Bu tespitlerde katılmadığınız bir cümle var mı?
TÜRKİYE ULUSLARARASI DEMOKRASİ ZİRVESİ'NE DAVETLİ DEĞİL
Türkiye Cumhuriyeti Devleti kendisini anayasasına göre hala demokratik bir hukuk devleti olarak tanımlıyor ve dünyada da bu kategoride görülmeyi arzu ediyor. Ancak demokratik dünyanın pek de öyle düşünmediği hem yukarıdaki gibi raporlarla, hem de bazı uluslararası toplantılara davet edilmemekle ortaya konuluyor.
ABD Başkanı Joe Biden, 9-10 Aralık’ta 100'den fazla ülkeyi bir araya getirerek dünya genelinde özgürlük ve hakları yeniden oluşturmaya yönelik “Uluslararası Demokrasi Zirvesi” düzenliyor. Zirve konuları 3 ana başlık etrafında tartışılacakmış. Bu başlıklar;
1. Otoriterliğe karşı demokrasiyi savunmak,
2. Yolsuzlukları tespit edip onlarla mücadele etmek,
3. İnsan haklarını savunmak, olarak belirlenmiş.
Bu üç başlığa Türkiye’nin ne ölçüde uyduğu yukarıdaki Uluslararası Organize Suç Raporu’nda açıklanmış! Bu sebeplerden olsa gerektir ki; Çin, Rusya, İran ve Filipinler gibi ülkelerle birlikte NATO müttefiki Macaristan ve (katılmak için çeşitli girişimlerde bulunduğu halde) Türkiye de toplantıya çağırılmadı.
'UYUŞTURUCU SATANIN AYAĞINI KIRIN' DEMEKLE OLUYOR MU?
İçeride kendi siyasal tabanlarını bir yerlere kadar bir şeylere ikna ediyor olabilirler. Ancak bağımsız ve sivil uluslararası kuruluşlar tüm dünyada neler olup bitiyor, tek tek takip ediyor ve raporluyorlar. Uluslararası Organize Suç Raporu’ndaki iddia ve tespitler, ülkede olup bitenleri merak edip takip edenlerin zaten bildiği hususlardır.
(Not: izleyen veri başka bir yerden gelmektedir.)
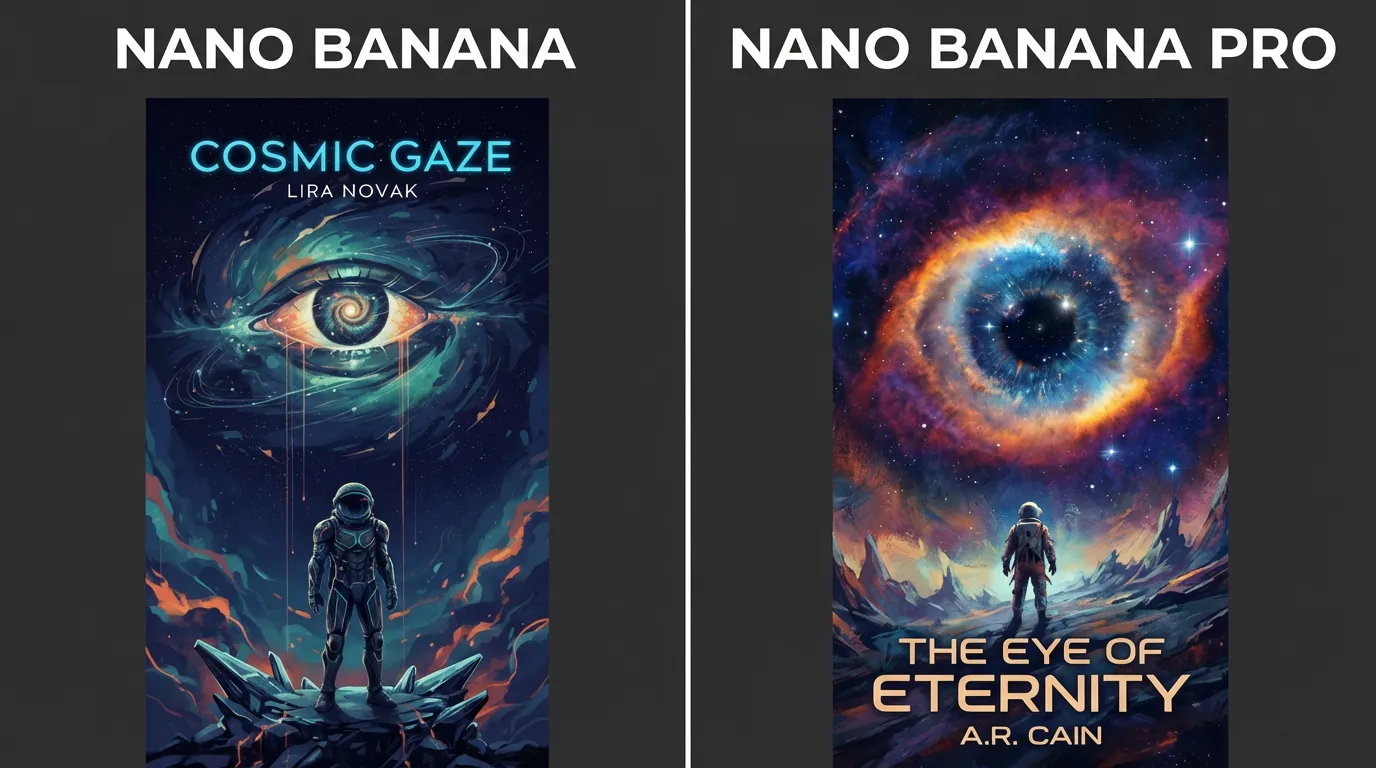 An abstract, dramatic illustration for a sci-fi novel cover showing a lone astronaut looking up at a nebula shaped like a human eye.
Fakat toplumun önemli kısmının ne yazık ki bu meseleleri pek dert etmediği de ortada!
Size garip geliyor mu bilmem ama toplumun büyük çoğunluğuna pek de anormal gelmeyen devletin kanunsuzluğu ve organize suç aktörleri ile ilişkisi, polisine “Uyuşturucu satan ayağını kırın, suçu bana atın” talimatı veren bir İçişleri Bakanının ülkesinde meydana geliyor.
Demek ki neymiş; “Organize suç örgütleri ile devlete mensup kişilerin güçlü ve karmaşık bağlara sahip olduğu” bir ülke, saygın ve müreffeh demokratik dünya ülkeleri arasından dışlanıyormuş. Ayrıca da; “torbacının bacaklarını kırın” talimatı vermekle, devlet ile suç ve suçlu bağlantısı gerçeğini örtbas etmek pek de mümkün olamıyormuş!